Tuesday, 3 September 2024

Just Prices

 


Suppose you own a rare first edition book, and a dealer desperately wants to buy it from you. You would sell it for £250, but the dealer offers you £500, not knowing that you would have let it go for half the price. Have you acted immorally in accepting his offer? Most people would say no, and I think they’d probably be right. But what about in the case of Locke’s famous horse owner and traveller, where the horse owner would have sold his horse for £40 yesterday, but when meeting a breathless traveller the next day, uses the situation to his advantage and sells it for £50? Has the horse owner acted unjustly? What about if you encounter a man dying of thirst: is it unjust to sell him a bottle of water for £500? If he’s desperate and about to die, you can be pretty sure he values his life at more than £500, so in that context he’s probably getting a bargain, right? Yet understandably, almost no one thinks this is right. 

In economics, we believe the just price is the market price, based on the complex information signals generated by the busy marketplace of supply and demand. In other words, it is the actions of billons of local decisions across the world which determine the price of bananas, walking sticks, holidays and cars – there is no objective value in any good or service or job – the value is determined by billions of people's revealed preferences.

So how then do we square that with the notion of unjustly charging a desperately thirsty man £500 for a glass of water? Few would deny that’s wrong – we should be encouraged to give him some water for free. The upshot is, ethical judgements are not the same thing as just prices. Consequently, we are dealing with something rather like a sorites paradox-type of scale, where the nearer we remain at the individual consideration (like Locke’s horse owner and traveller), the more a price is subjected to strict ethical judgment, and the more we extend out to the wider economy in an information-generating nexus, the less a price is subjected to strict ethical judgment, because the more it has been shaped by lots of people through the mechanism of supply and demand. Excepting the terrible political policy of state price-fixing (rent controls, minimum wage laws, etc),the price of just about everything in a market economy is what it is because of the activities of billions of individuals over sustained periods of time - it resembles a democracy in that we've all voted for it to be that way.

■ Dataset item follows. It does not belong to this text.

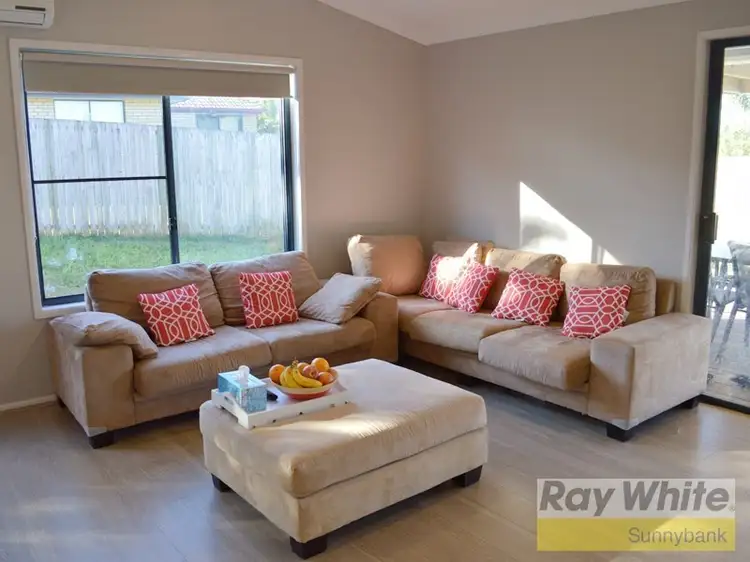 Second view of Homely house listing, 7 Green Place, Durack QLD 4077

This leads us to the labour theory of value. Adam Smith and David Ricardo posited views about the labour theory of value (LTV), which argues that the price of a good or service should be determined by the total amount of labour required to produce it. It’s a theory with little mileage, and whereas Smith and Ricardo never felt entirely comfortable with LTV as a broad-brush explanation for the price of labour, Karl Marx was fonder of it, using LVT (or variations of it) to bemoan what he saw as the powerful capitalist classes.

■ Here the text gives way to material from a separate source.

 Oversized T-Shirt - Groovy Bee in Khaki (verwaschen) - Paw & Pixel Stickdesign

What gave LTV its redundancy notice was the more accurate notion of subjective theory of value, which states that the value of a good or service is not determined by the labour required to produce it, but by the value placed upon it by the consumer. A brick wall built around your garden is not valued by the labour required to build it - it’s the other way around - the labour required to build it is valuable precisely because the builder can produce something that the homeowner finds valuable.

If the anti-capitalist neo-Marxists were better informed, they would understand that far from being an exploitative force for bad, capitalism is a liberating and enriching way of enhancing people’s well-being and improving their standards of living. Labour and capital are what enable producers to provide things of value in society, and price them in line with supply and demand to allocate resources most efficiently. Prices of goods and services are information signals that convey subjective perceptions of value - and it is this information that tells us how much a thing is valued.

This is why we are always banging on about politicians’ inept and uneconomical interferences in the market - their activity so often impedes the highly complex process that most efficiently matches supply with demand at the optimal (or near optimal) prices. The optimal price of any good or service occurs when the most the consumer is willing to pay is equal to the least the supplier is willing to accept.